November 19, 2014

Alt Lit and Rape Culture - This Will l Now Sing Deftly - Kia Groom

With a sweeping view of the history of the "poetess," Kia Groom takes apart academia's gendered reading of confessionalists. Starting with the question of why Lowell is remembered for his poetry while Plath is remembered for her suicide, she traces poets' use of the "I" from Sappho through to the present day. And she argues that, in a canon that assumes the "I" is always male, the female poet has to fight to get her "I" recognized. --SBB

This Will I Now Sing Deftly

In my second year of graduate school, I took a literature class on mid-century American poets. I was excited by the course—in addition to studying Lowell, Roethke, and Jarrell, we were also to spend time on Sexton, Plath, Bishop, and Brooks. I was thrilled. The 1950s was a time of revolution: the birth of the confessional mode enabled women, perhaps for the first time, to write in their own voices. When it came time to pick a research topic for my essay, there was no doubt in my mind that I wanted to address the subject of confessional poetics.

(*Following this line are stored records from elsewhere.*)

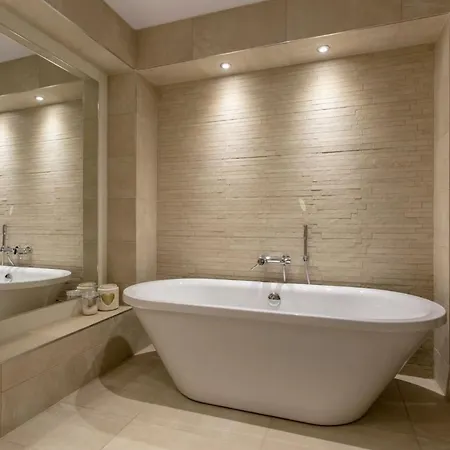 Apartamento Altido Luxury 3Br Home At The Heart Of The City Centre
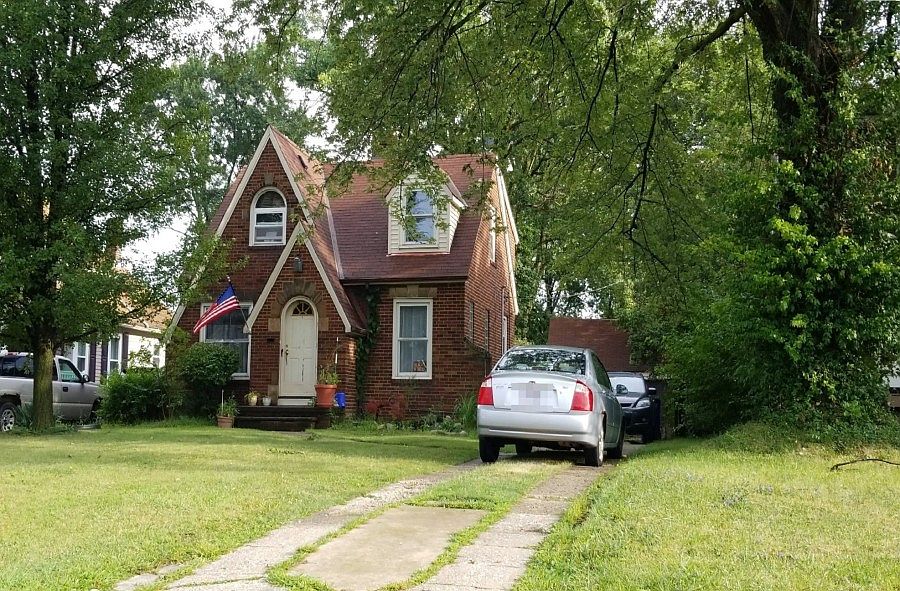 2nd image of 17616 Puritas Ave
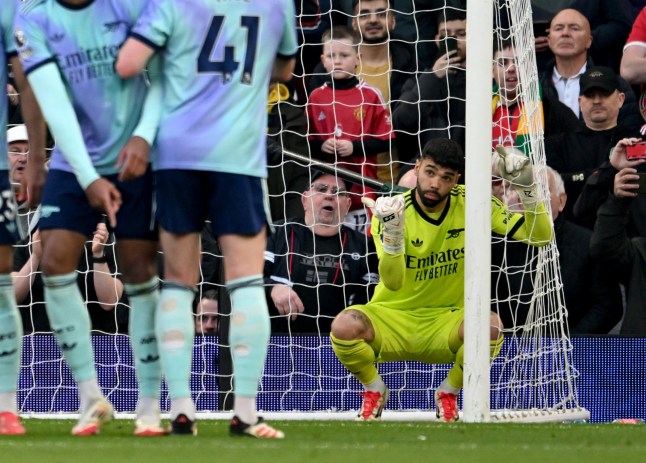 MANCHESTER, ENGLAND - MARCH 09: David Raya of Arsenal during the Premier League match between Manchester United FC and Arsenal FC at Old Trafford on March 09, 2025 in Manchester, England. (Photo by David Price/Arsenal FC via Getty Images)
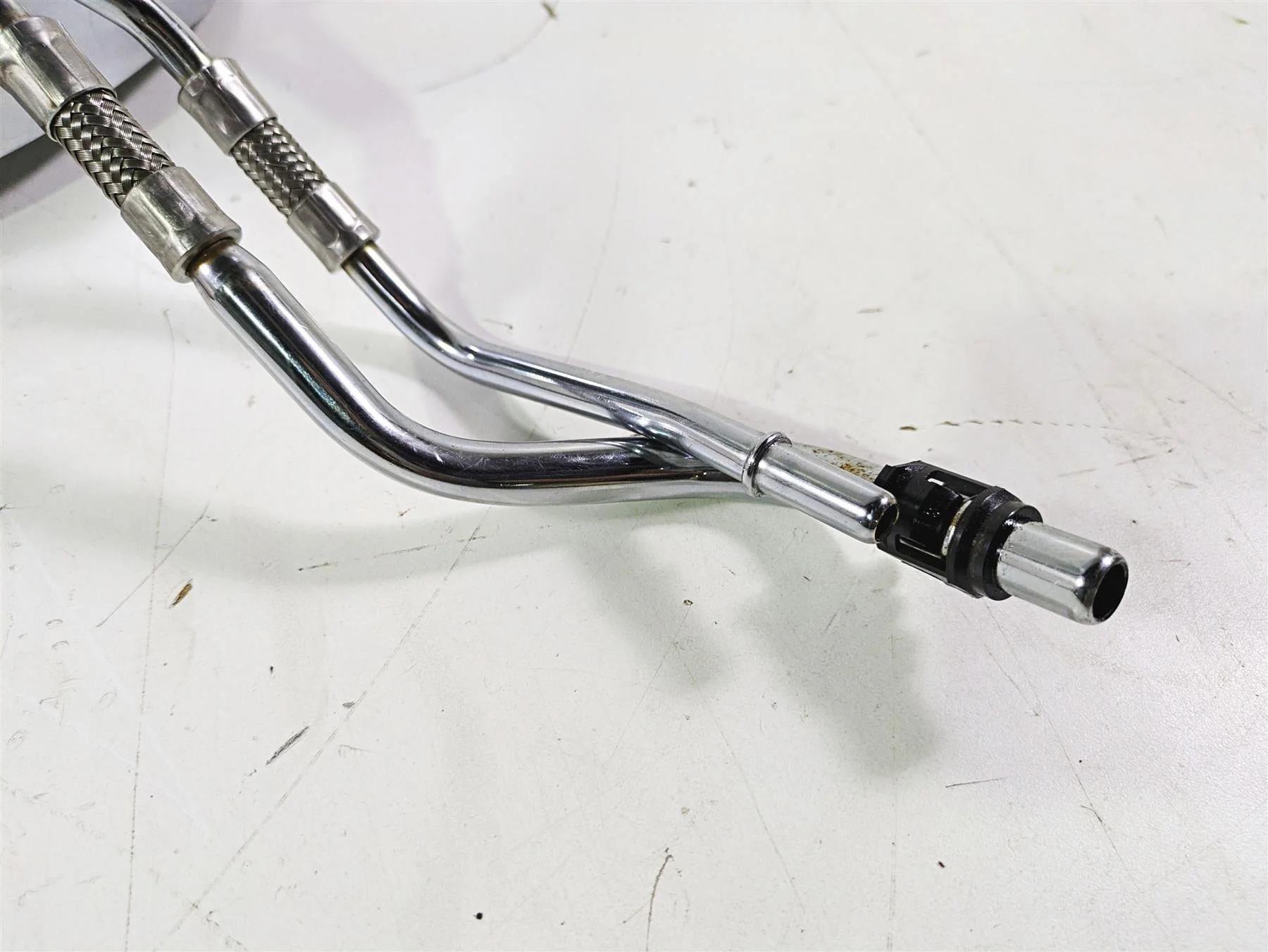 2003 Harley Softail FXSTDI Deuce 100th Oil Tank Reservoir + Lines 62498-01A - Image 7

We had spent some time on Lowell’s Life Studies, and I wanted to talk about the gendered “I,” about the public reception (both then and now) of the confessional poems of Lowell, in contrast to the poems of Plath and Sexton. Because I saw a difference there. Claiming the “I,” as a woman, is not the same as claiming the “I” as a man. 

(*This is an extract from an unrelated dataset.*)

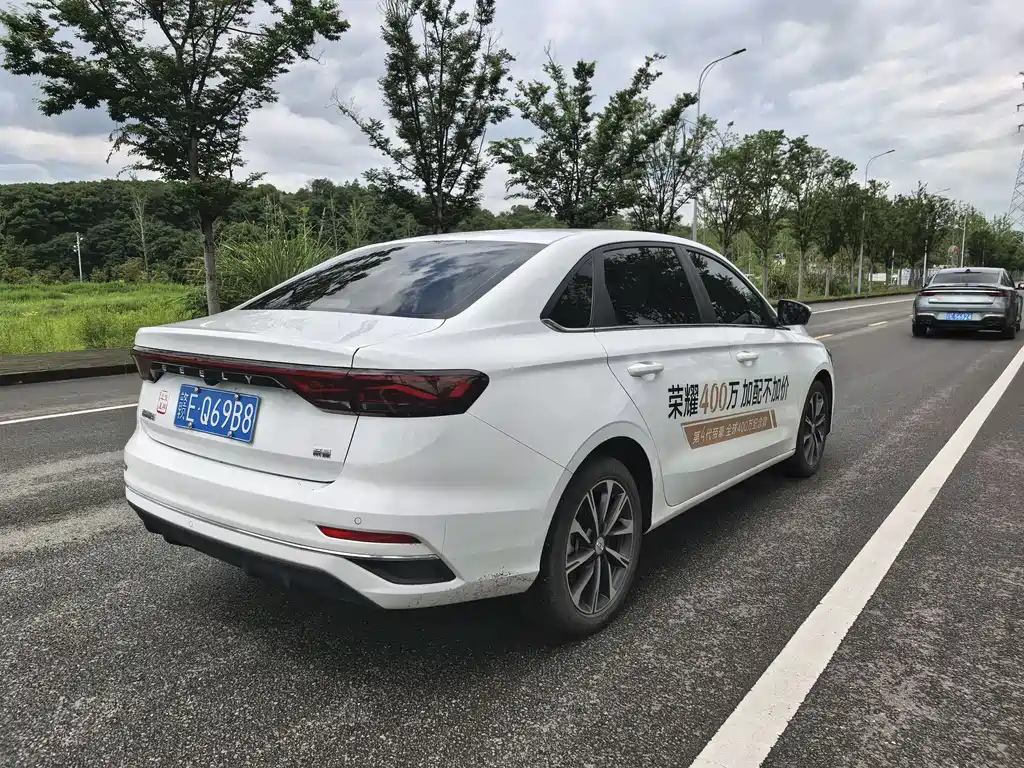 Geely Emgrand 2025 — фото 11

I went to my professor and pitched the idea. I told him I perceived a difference in the way critics received the work of these poets. I told him I found it interesting that Sexton is often dismissed as hysterical and melodramatic, that Plath is written off as “a poet for teenage girls”—as Becca Klaver and Arielle Greenberg put it in their essay, “in the unwritten handbook for aspiring female writers, it’s understood that the chapter on Plath ends with adolescence.” You’re supposed to grow out of Plath. Nobody is supposed to grow out of Lowell, I said, and I believe that’s tied to this idea of the confession, of how making the private public is a political act, an act that cannot be separated from gendered construction. 

He looked at me for a long time—that well-practiced, thoughtfully considered look that I assume tenured faculty members spend hours practicing in the mirror, when they’re not writing impassioned defenses of Ezra Pound. The look was equal parts patronizing and paternalistic. I felt his verdict before he delivered it. 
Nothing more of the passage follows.